• [Exercise aim]: Repeat each line of the material below exactly as it appears, minus any pictures.

• [Provided records]:
▼▼▼

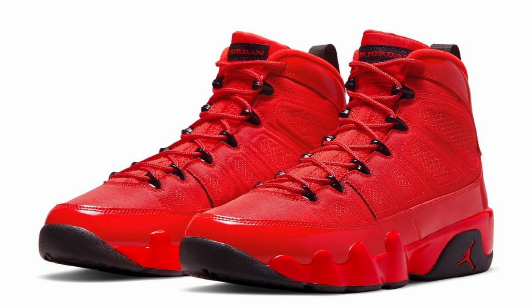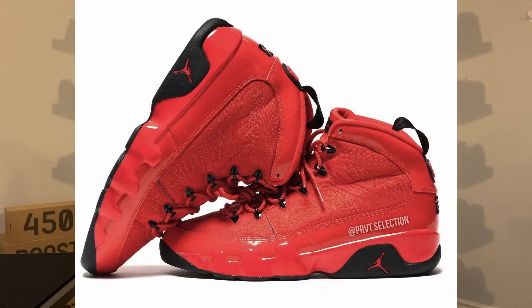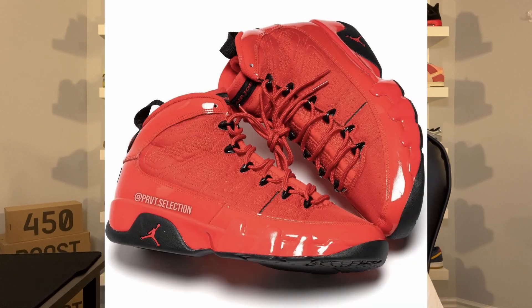The Air Jordan 9 Chili Red features a chili red and black color scheme. You also have the quilted stitched upper, a glossy red midsole, and a padded leather mud guard. The Jordan 9 will also be featuring OG packaging. We really don't see too many Jordan 9s release, and I think this is actually a really dope colorway especially going into the summer — it's definitely a loud and bright colorway.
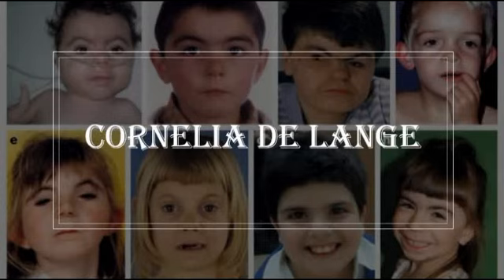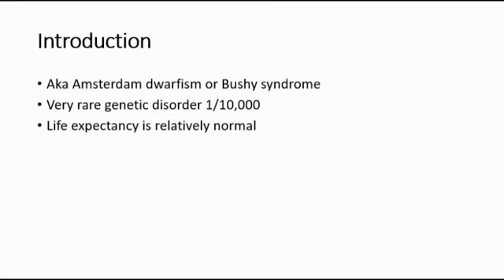Today in this video I'm going to talk about Cornelia de Lange syndrome, also known as Amsterdam dwarfism or Bushy syndrome. It is a very rare genetic disorder which occurs in 1 in 10,000 people, and the life expectancy is relatively normal for people with this syndrome. Most affected children live well into adulthood — for example, one article mentioned a woman with Cornelia de Lange syndrome who lived to age 61, and an affected man who lived to age 54.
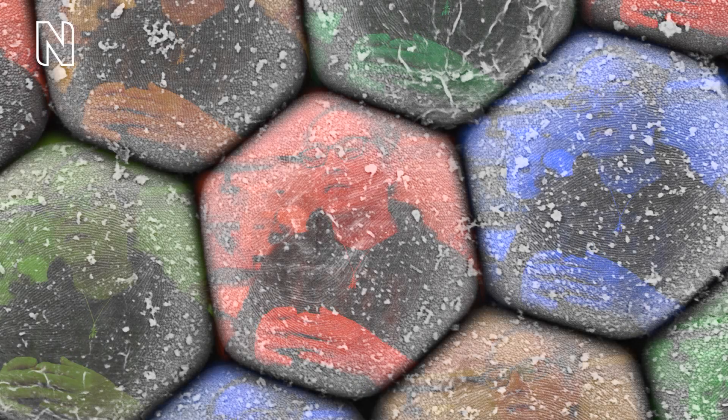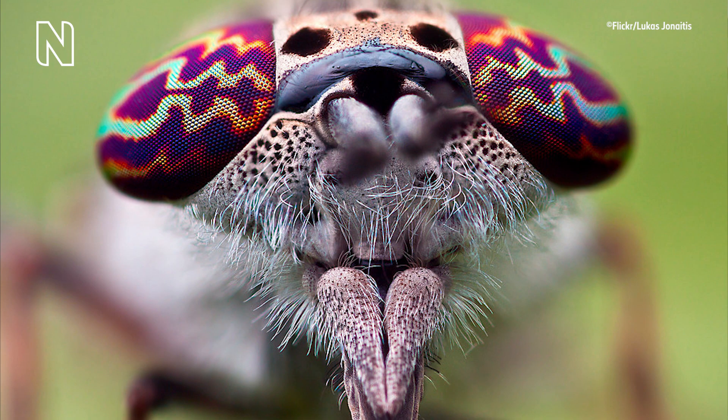White light is composed of a spectrum of colours. Refracting light separates out those colours and can result in some very pretty patterns. In horseflies, these refractive surfaces help produce some of the most beautiful eyes in nature.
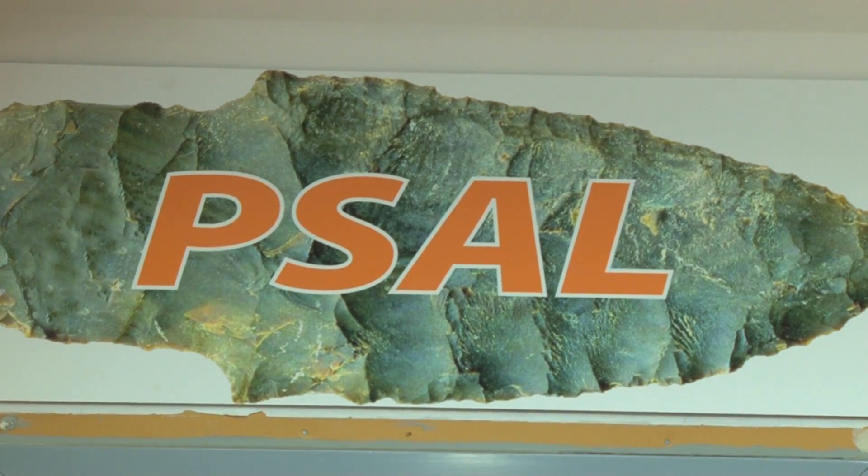We're here at the Pacific Slope Archaeological Laboratory, and we're going to talk about some of the technology we use to record artifacts and the things that we can learn from these technologies.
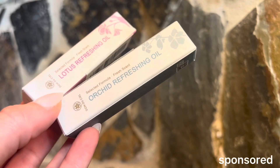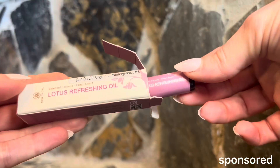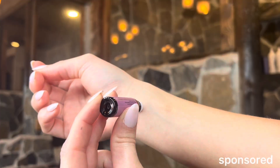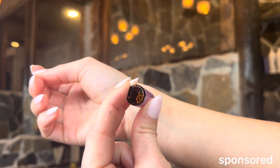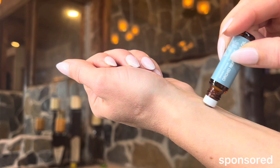Thank you so much for sending this product because I am obsessed. I never believed in essential oils at all — this has completely changed my mindset. The number one thing I hated about essential oils is the fragrance, but this is fragrance-free, completely organic, and even safe for kids and elders.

▲▲▲

• [Output]:
The Air Jordan 9 Chili Red features a chili red and black color scheme. You also have the quilted stitched upper, a glossy red midsole, and a padded leather mud guard. The Jordan 9 will also be featuring OG packaging. We really don't see too many Jordan 9s release, and I think this is actually a really dope colorway especially going into the summer — it's definitely a loud and bright colorway.
Today in this video I'm going to talk about Cornelia de Lange syndrome, also known as Amsterdam dwarfism or Bushy syndrome. It is a very rare genetic disorder which occurs in 1 in 10,000 people, and the life expectancy is relatively normal for people with this syndrome. Most affected children live well into adulthood — for example, one article mentioned a woman with Cornelia de Lange syndrome who lived to age 61, and an affected man who lived to age 54.
White light is composed of a spectrum of colours. Refracting light separates out those colours and can result in some very pretty patterns. In horseflies, these refractive surfaces help produce some of the most beautiful eyes in nature.
We're here at the Pacific Slope Archaeological Laboratory, and we're going to talk about some of the technology we use to record artifacts and the things that we can learn from these technologies.
Thank you so much for sending this product because I am obsessed. I never believed in essential oils at all — this has completely changed my mindset. The number one thing I hated about essential oils is the fragrance, but this is fragrance-free, completely organic, and even safe for kids and elders.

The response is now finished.